- _Exercise prompt_: Exactly as they appear, retype the lines from the one containing "Tweedehands - Appartement" through the final line of the data below. Leave pictures out.

- _The records_:
══════════════════════════════

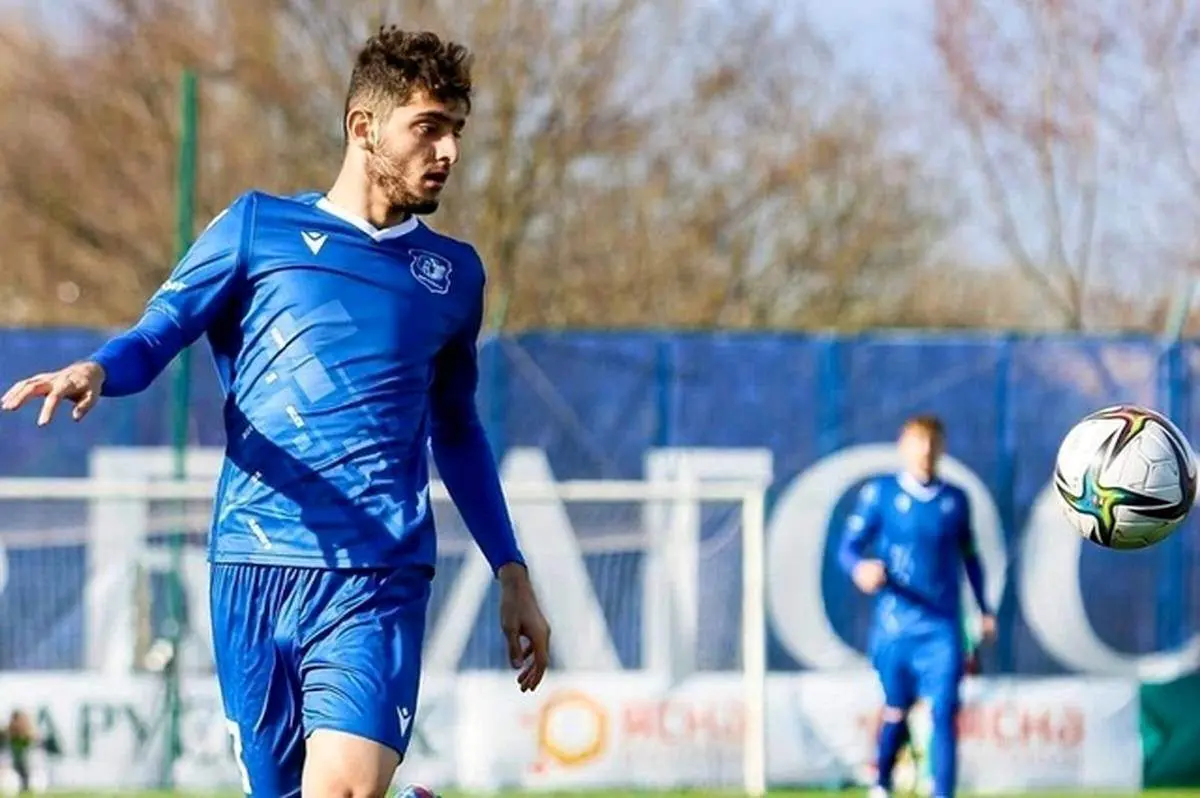 رونمایی از قرارداد بازیکن پرسپولیسی استقلال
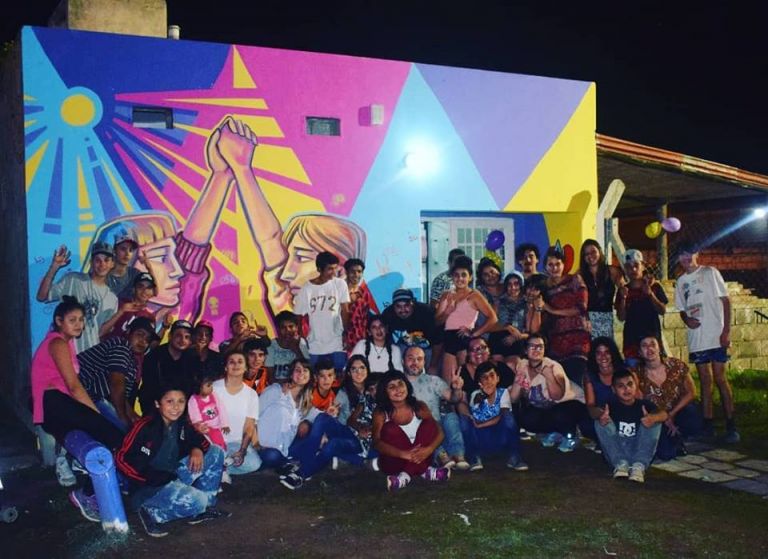 Los chicos del centro nuevas oportunidades festejaron 11 años renovando el mural de La Fachadal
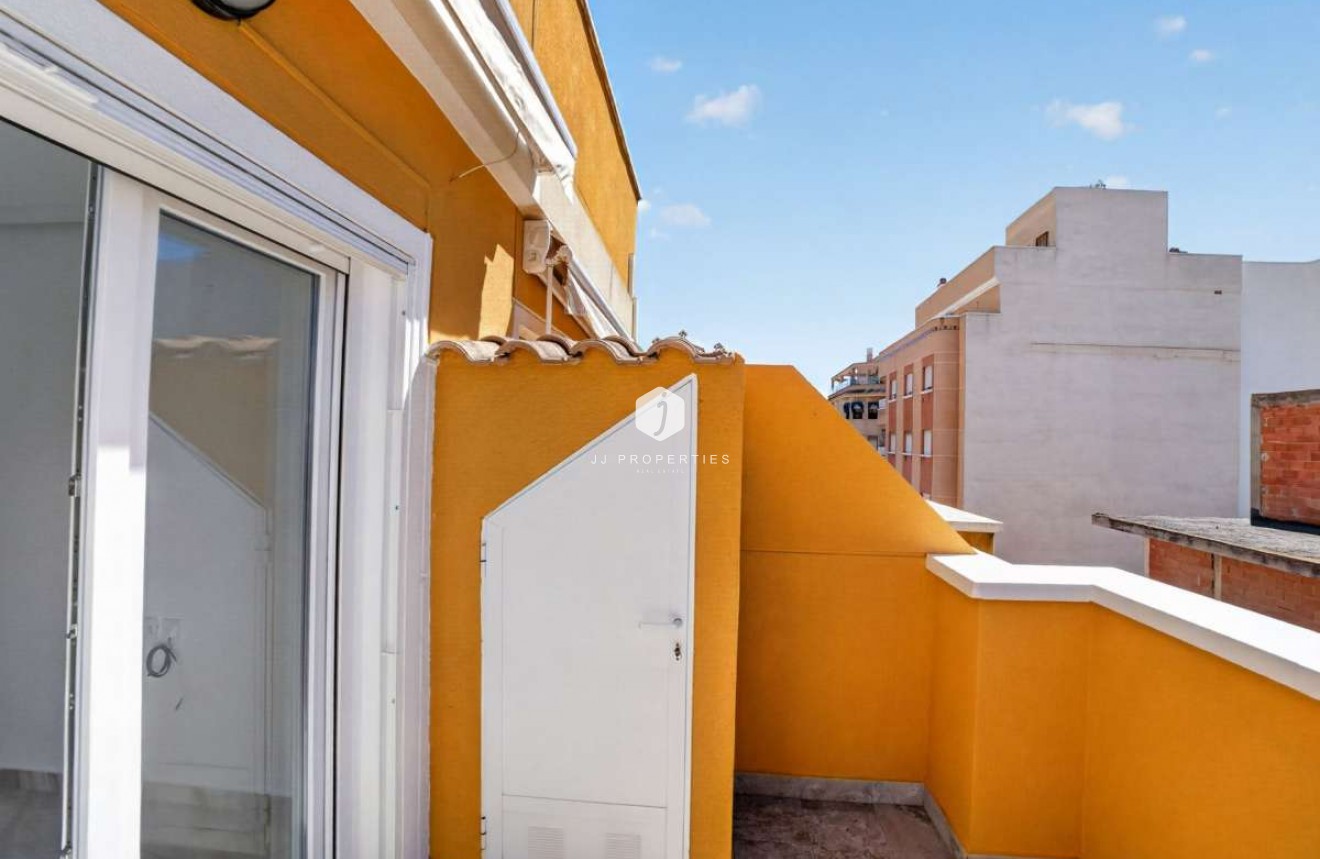 Tweedehands - Appartement / flat -
Torrevieja - Costa Blanca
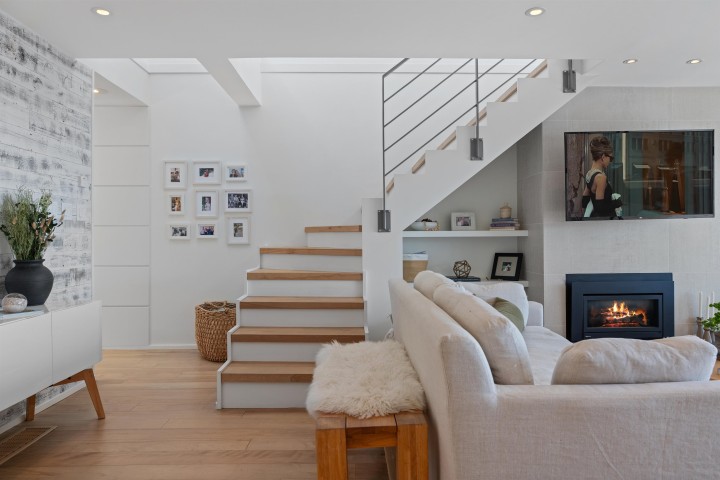 Photo 9 at 41 - 2238 Folkestone Way, Panorama Village, West Vancouver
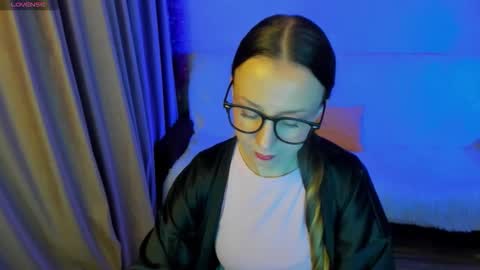 Stephanie online show from 10/11/25, 04:49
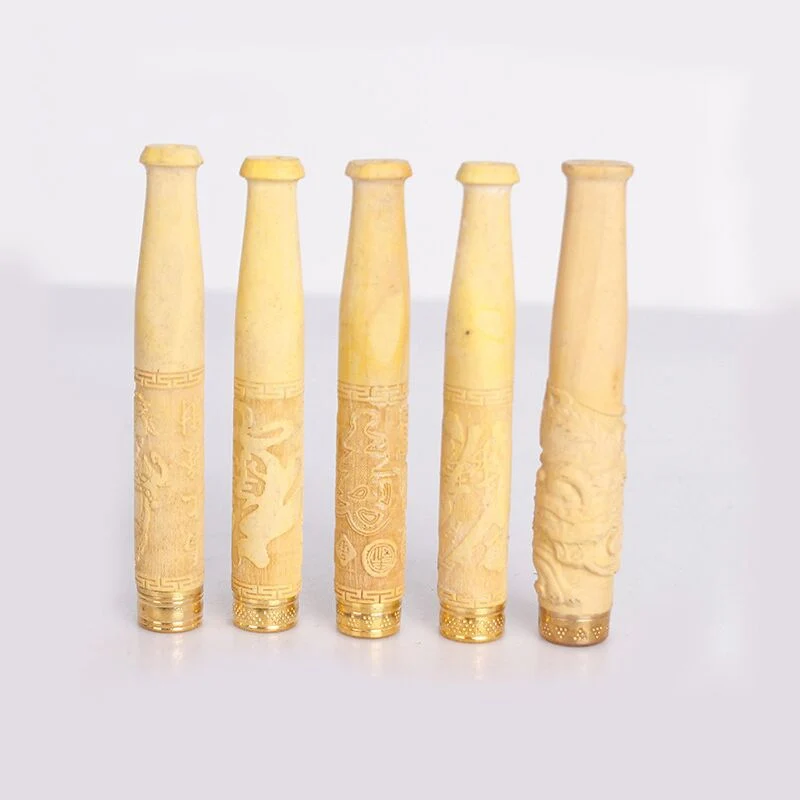 

New Vintage Boxwood Carved Rod Filter Cigarette Holder Emboss Crafts Gadgets for Men Triple Filtration for Cigarette Accessories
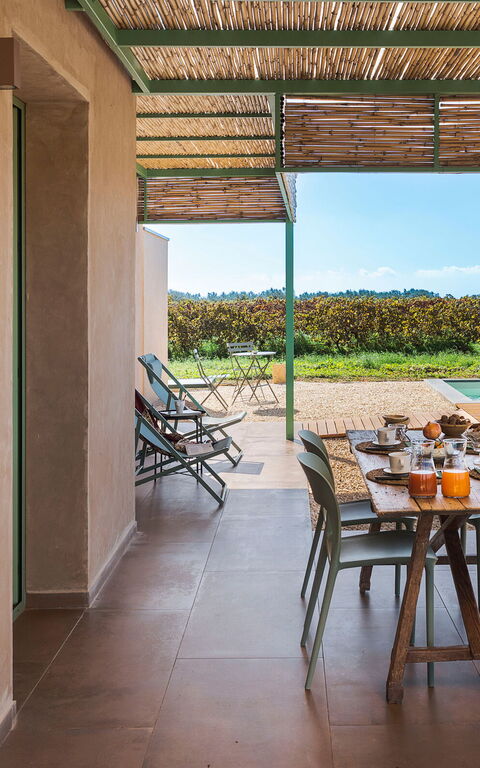 Villa Memà: Exteriör, slå samman, Utomhus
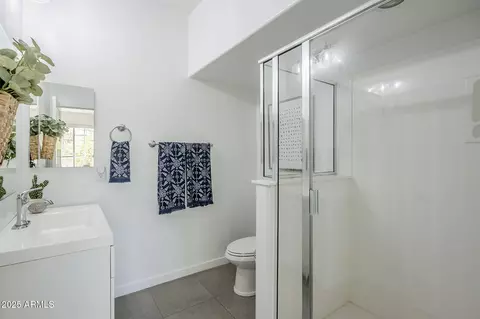 Bath - 10515 E Nopal Ave, Mesa, AZ 85209 photo 4 of 5
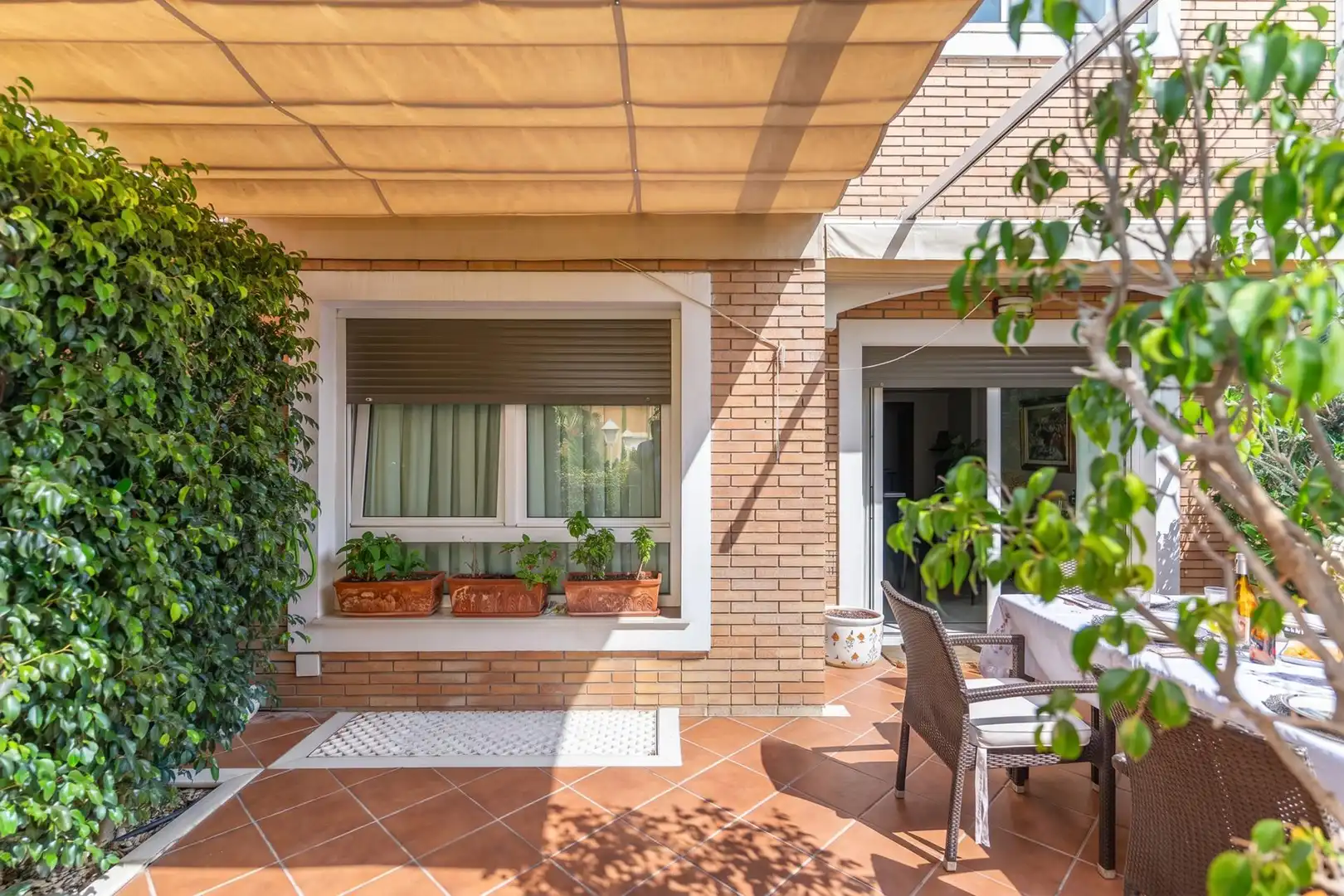 Terraza de Dúplex en venta en Almería con Aire acondicionado, Calefacción y Jardín privado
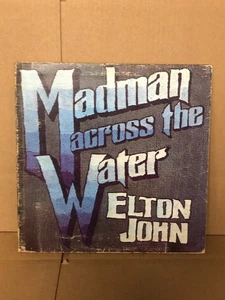 ELTON JOHN MADMAN ACROSS THE WATER W/BOOKLET RECORD VINYL MADE IN ENGLAND - Imagen 1 de 11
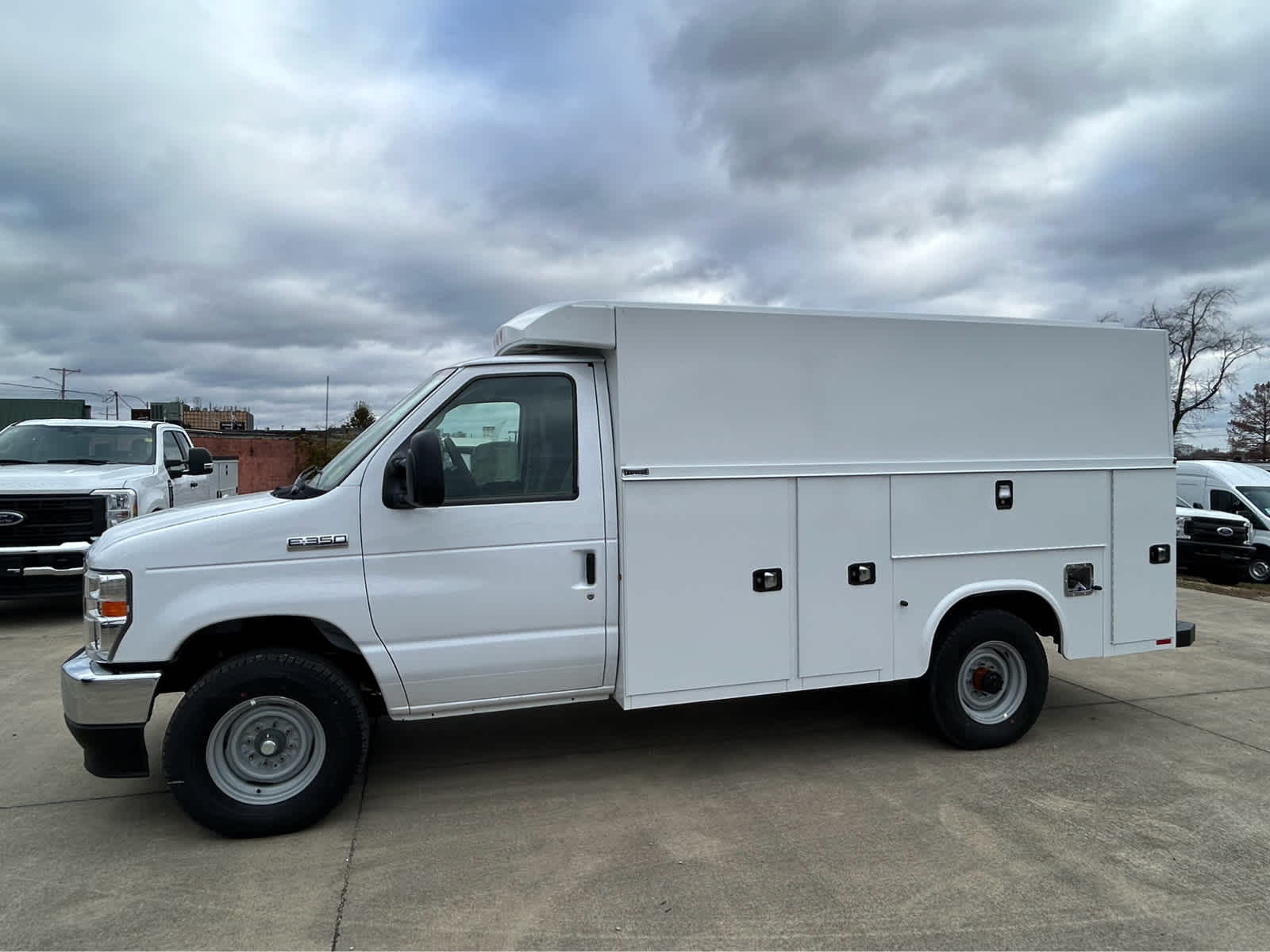 New 2025 Ford E-350 - photo 9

══════════════════════════════

- _Task solution_:
 Tweedehands - Appartement / flat -
Torrevieja - Costa Blanca
 Photo 9 at 41 - 2238 Folkestone Way, Panorama Village, West Vancouver
 Stephanie online show from 10/11/25, 04:49

New Vintage Boxwood Carved Rod Filter Cigarette Holder Emboss Crafts Gadgets for Men Triple Filtration for Cigarette Accessories
 Villa Memà: Exteriör, slå samman, Utomhus
 Bath - 10515 E Nopal Ave, Mesa, AZ 85209 photo 4 of 5
 Terraza de Dúplex en venta en Almería con Aire acondicionado, Calefacción y Jardín privado
 ELTON JOHN MADMAN ACROSS THE WATER W/BOOKLET RECORD VINYL MADE IN ENGLAND - Imagen 1 de 11
 New 2025 Ford E-350 - photo 9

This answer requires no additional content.